Why E° Is Not Enough
A standard electrode potential, $E^\circ$, is defined only when the active species are at unit activity — aqueous ions at 1 mol L⁻¹ and gases at 1 bar, measured against the standard hydrogen electrode. The moment a galvanic cell begins to deliver current, those concentrations start to drift: the reactant ions are consumed and the product ions accumulate. The measured emf therefore changes continuously, and $E^\circ$ alone can no longer describe it.
Walther Nernst showed how the potential depends on concentration. NCERT states the result directly for the electrode reaction $\ce{M^{n+}(aq) + ne^- -> M(s)}$: the electrode potential at any concentration, measured with respect to the standard hydrogen electrode, is fixed once you know $E^\circ$ and the ion concentration. This single correction term is what the rest of this page unpacks.

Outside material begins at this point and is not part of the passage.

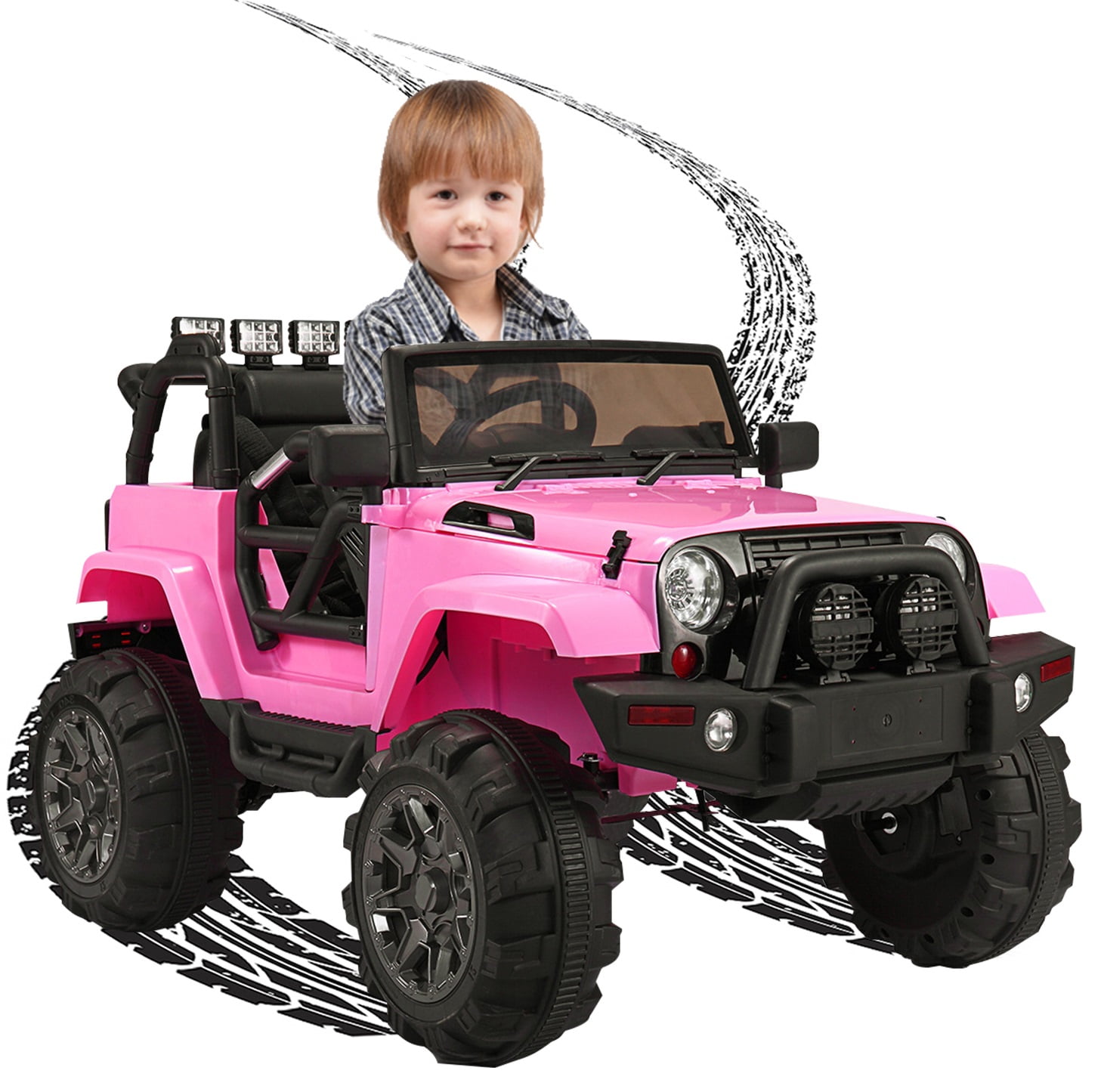 SYNGAR Ride on Cars with Remote Control, 12v Ride on Toys with LED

"Standard" means unit concentration, not 298 K
Students conflate the symbol $E^\circ$ with "the potential at 298 K". The degree sign denotes standard state — unit concentration and 1 bar — at whatever temperature is specified (conventionally 298 K). A cell at 298 K with non-unit concentrations still needs the Nernst correction; it does not get to use $E^\circ$ directly.

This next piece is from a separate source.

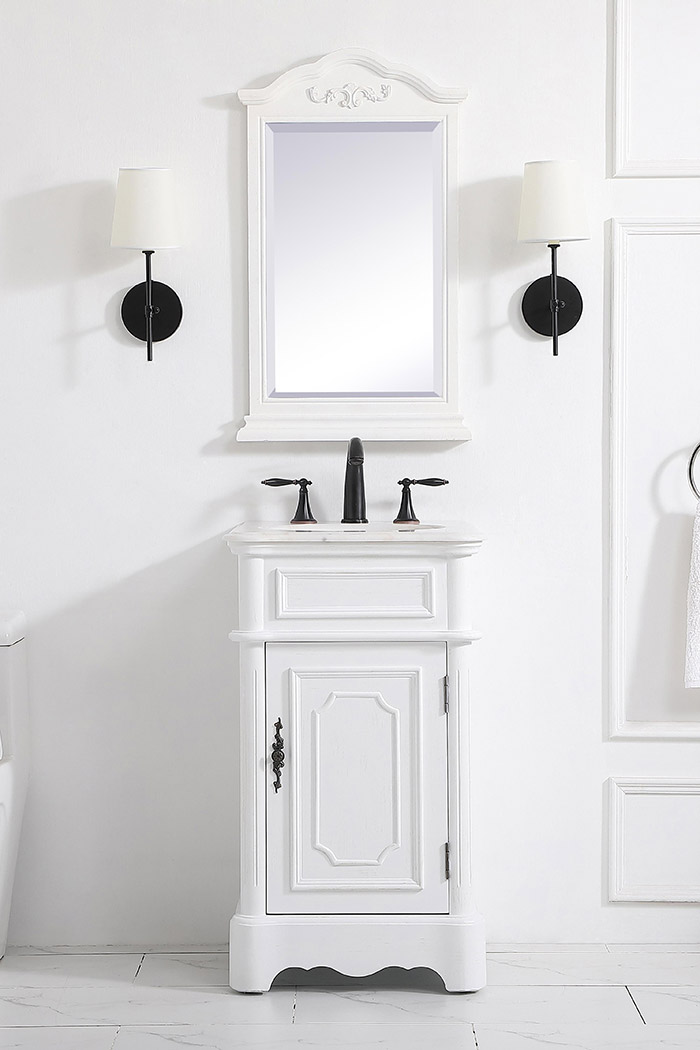 Elegant Bathroom Vanity - Antique White, L 19" (VF30419AW)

Use $E^\circ$ only when every aqueous ion is 1 M and every gas is 1 bar. Otherwise, apply Nernst.
Nernst Equation for a Single Electrode
For the reduction half-reaction $\ce{M^{n+}(aq) + ne^- -> M(s)}$, the activity of the pure solid metal is taken as unity, so only the ion concentration enters. The electrode potential is:
$$ E_{(\ce{M^{n+}/M})} = E^\circ_{(\ce{M^{n+}/M})} - \frac{RT}{nF}\,\ln \frac{1}{[\ce{M^{n+}}]} $$
Here $R = 8.314~\text{J K}^{-1}\text{mol}^{-1}$ is the gas constant, $F = 96487~\text{C mol}^{-1}$ is the Faraday constant, $T$ is the temperature in kelvin, $n$ is the number of electrons transferred, and $[\ce{M^{n+}}]$ is the molar concentration of the ion. Because the log carries $1/[\ce{M^{n+}}]$, raising the ion concentration raises the (reduction) electrode potential — a more concentrated solution is a stronger oxidising environment, exactly as chemical intuition demands.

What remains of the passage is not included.